Information shown:
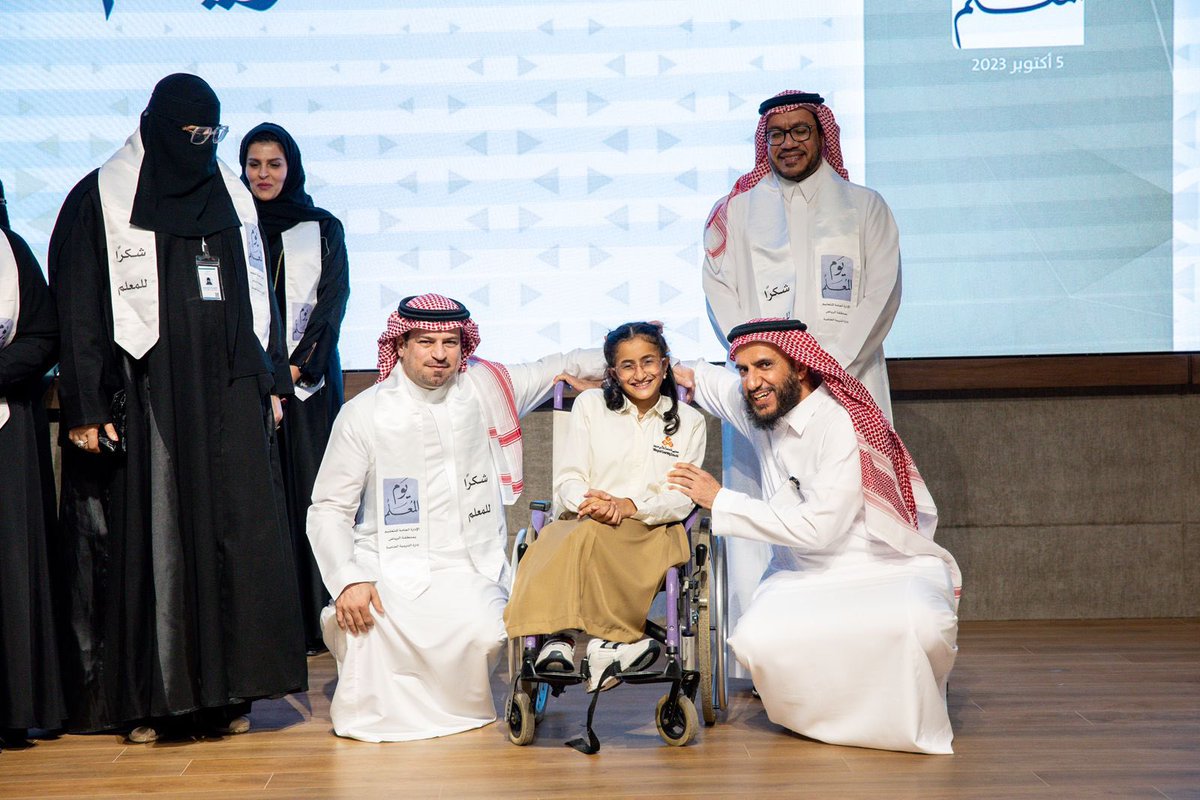 MOE_RYH's tweet photo. #اليوم_العالمي_للمعلم|
مدير عام #تعليم_الرياض يكرّم عدداً من معلمي ومعلمات التربية الخاصة؛ تقديراً لعطائهم ووفاءً لجهودهم بمناسبة الاحتفاء بيوم المعلم.
#شكراً_معلمي https://t.co/z7VjF7iKhR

What this task involves:
Write out word for word every line from the one containing "مدير عام #تعليم_الرياض" through the last line of the data, and no other line.

Answer below:
مدير عام #تعليم_الرياض يكرّم عدداً من معلمي ومعلمات التربية الخاصة؛ تقديراً لعطائهم ووفاءً لجهودهم بمناسبة الاحتفاء بيوم المعلم.
#شكراً_معلمي https://t.co/z7VjF7iKhR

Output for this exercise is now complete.